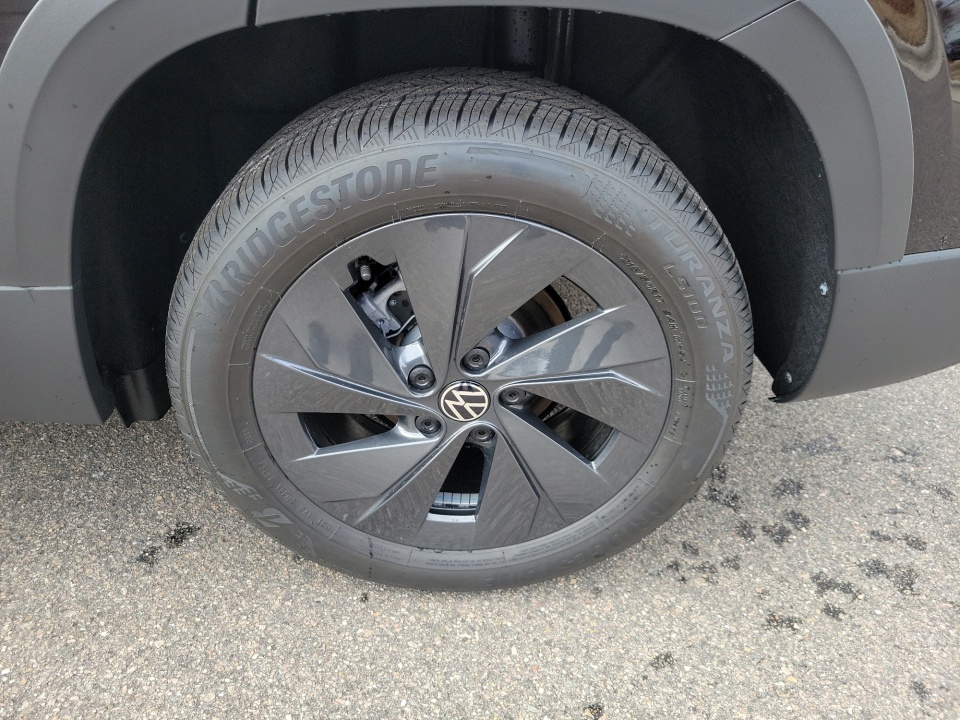 3VV5C7B29TM037037 2026 Volkswagen Taos S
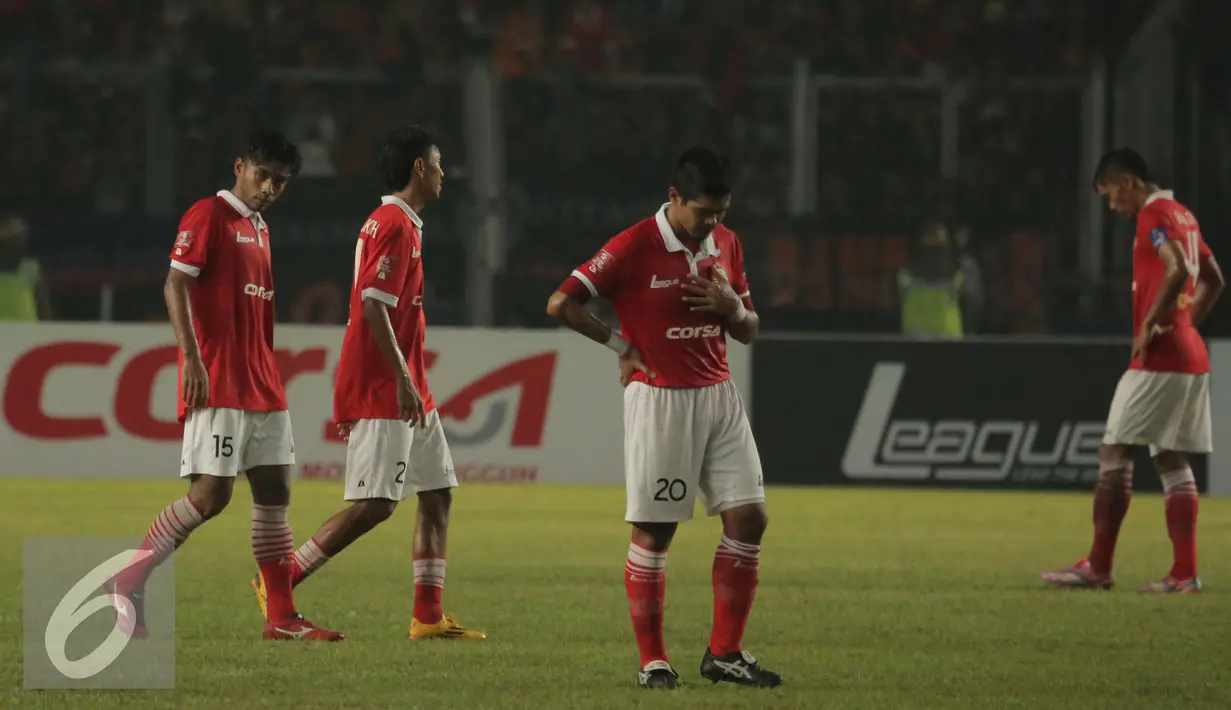 Pemain Persija tertunduk saat laga melawan Sriwijaya FC dihentikan pada lanjutan Torabika Soccer Championship presented by IM3 Ooredoo di Stadion GBK Jakarta, Jumat (24/6). Hinggadihentikan, Sriwijaya FC unggul 1-0. (Liputan6.com/Helmi Fithriansyah)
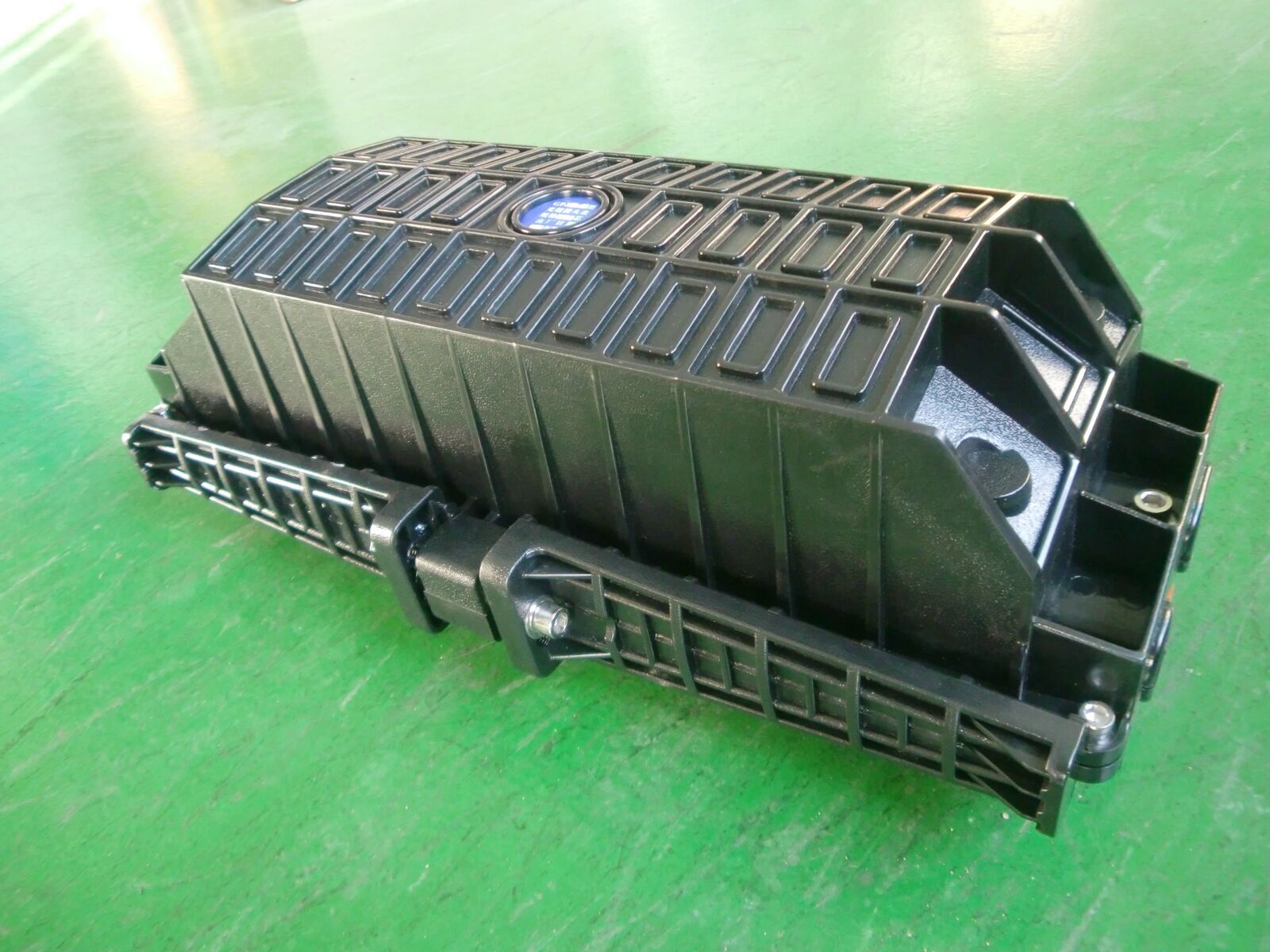 Fiber splice closure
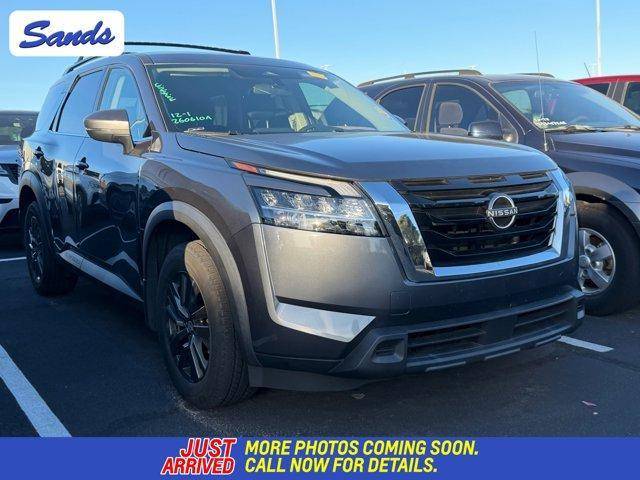 2022 Nissan Pathfinder SV FWD photo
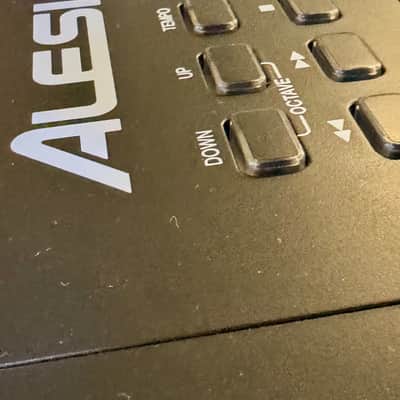 Immagine Alesis VI61 61-Key USB/MIDI Keyboard Controller - 2
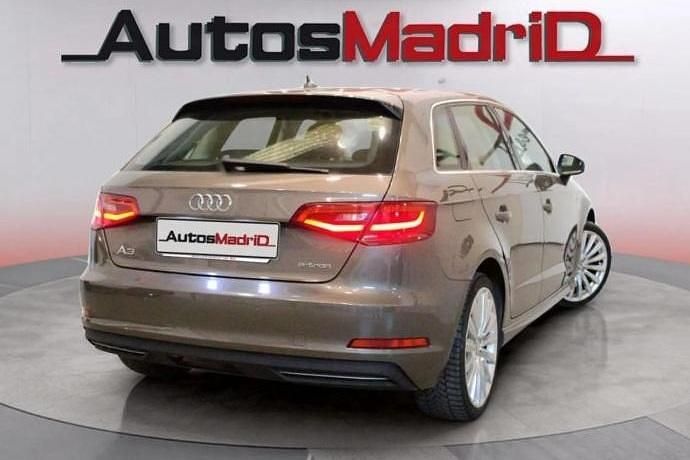Usado Audi A3 Sportback e-tron Ambition 204 CV (150 kW) 2015 Utilitario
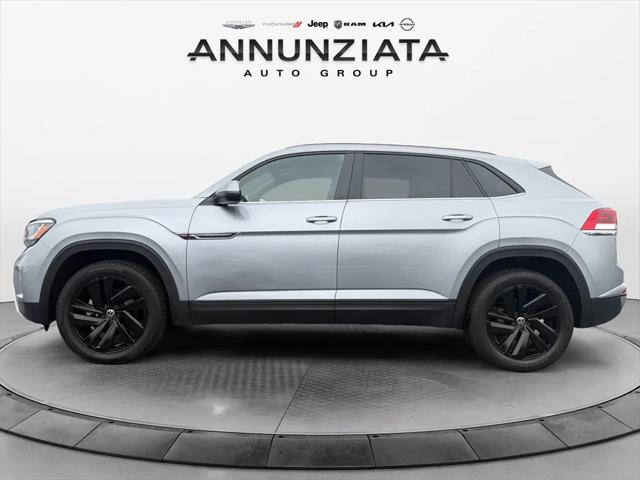 2022 Volkswagen Atlas Cross Sport 2.0T SE w/Technology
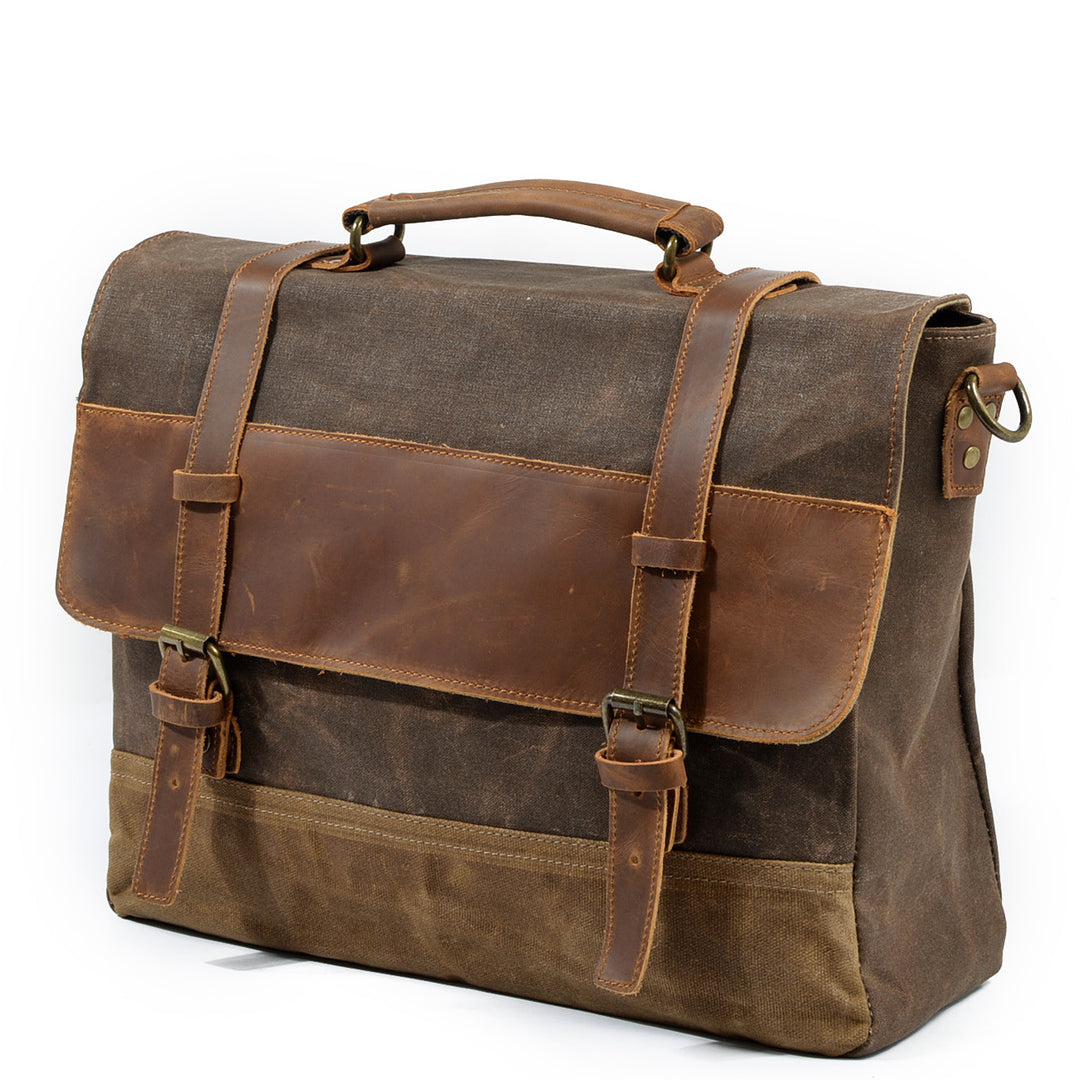 Waxed Canvas Messenger Bag | WINNIPEG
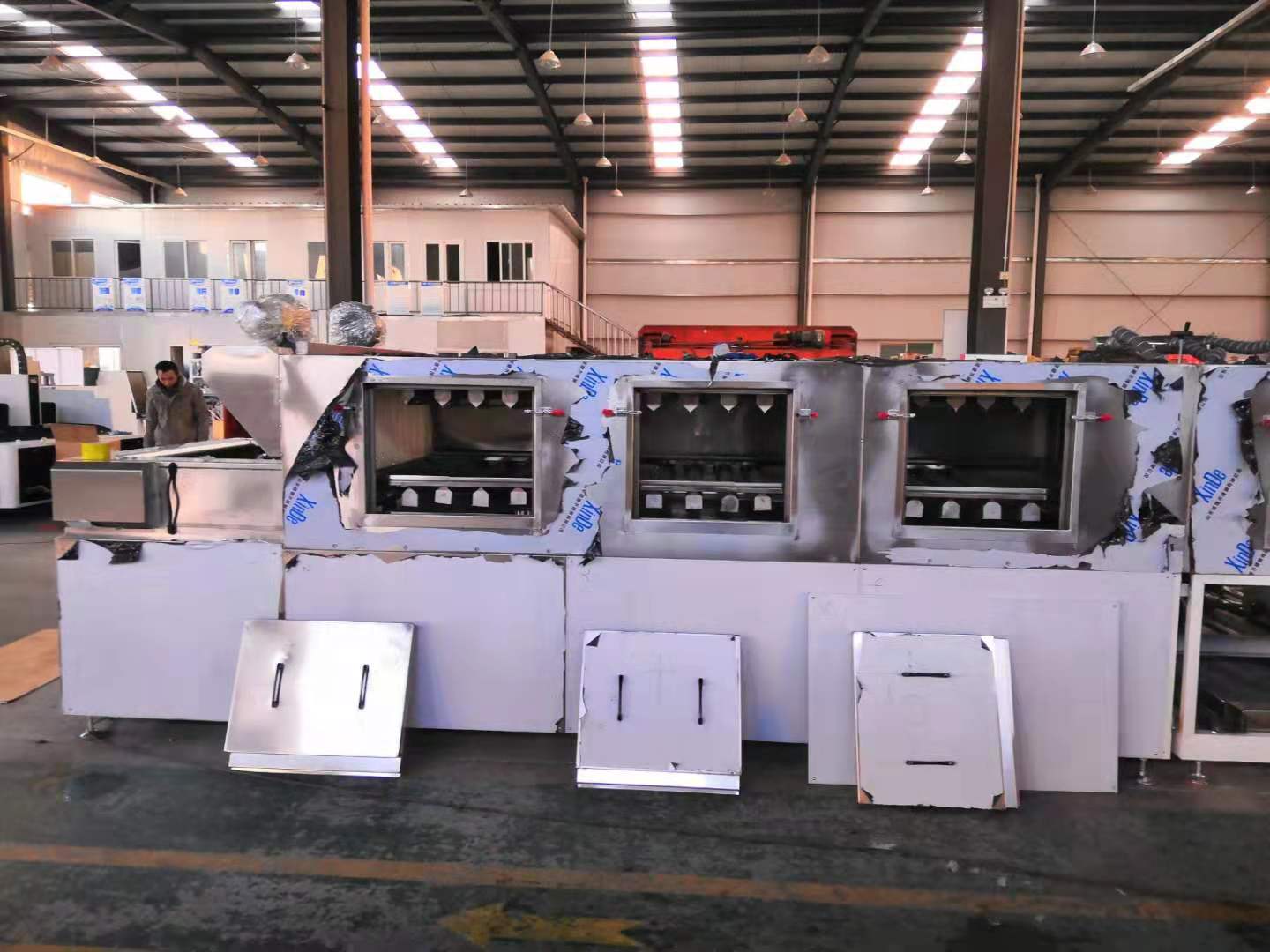 鋁件除油去蠟通過式噴淋清洗機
# # # # #
• What to produce: Copy the material exactly as written and leave every picture behind.

• Completed exercise:
 3VV5C7B29TM037037 2026 Volkswagen Taos S
 Pemain Persija tertunduk saat laga melawan Sriwijaya FC dihentikan pada lanjutan Torabika Soccer Championship presented by IM3 Ooredoo di Stadion GBK Jakarta, Jumat (24/6). Hinggadihentikan, Sriwijaya FC unggul 1-0. (Liputan6.com/Helmi Fithriansyah)
 Fiber splice closure
 2022 Nissan Pathfinder SV FWD photo
 Immagine Alesis VI61 61-Key USB/MIDI Keyboard Controller - 2
Usado Audi A3 Sportback e-tron Ambition 204 CV (150 kW) 2015 Utilitario
 2022 Volkswagen Atlas Cross Sport 2.0T SE w/Technology
 Waxed Canvas Messenger Bag | WINNIPEG
 鋁件除油去蠟通過式噴淋清洗機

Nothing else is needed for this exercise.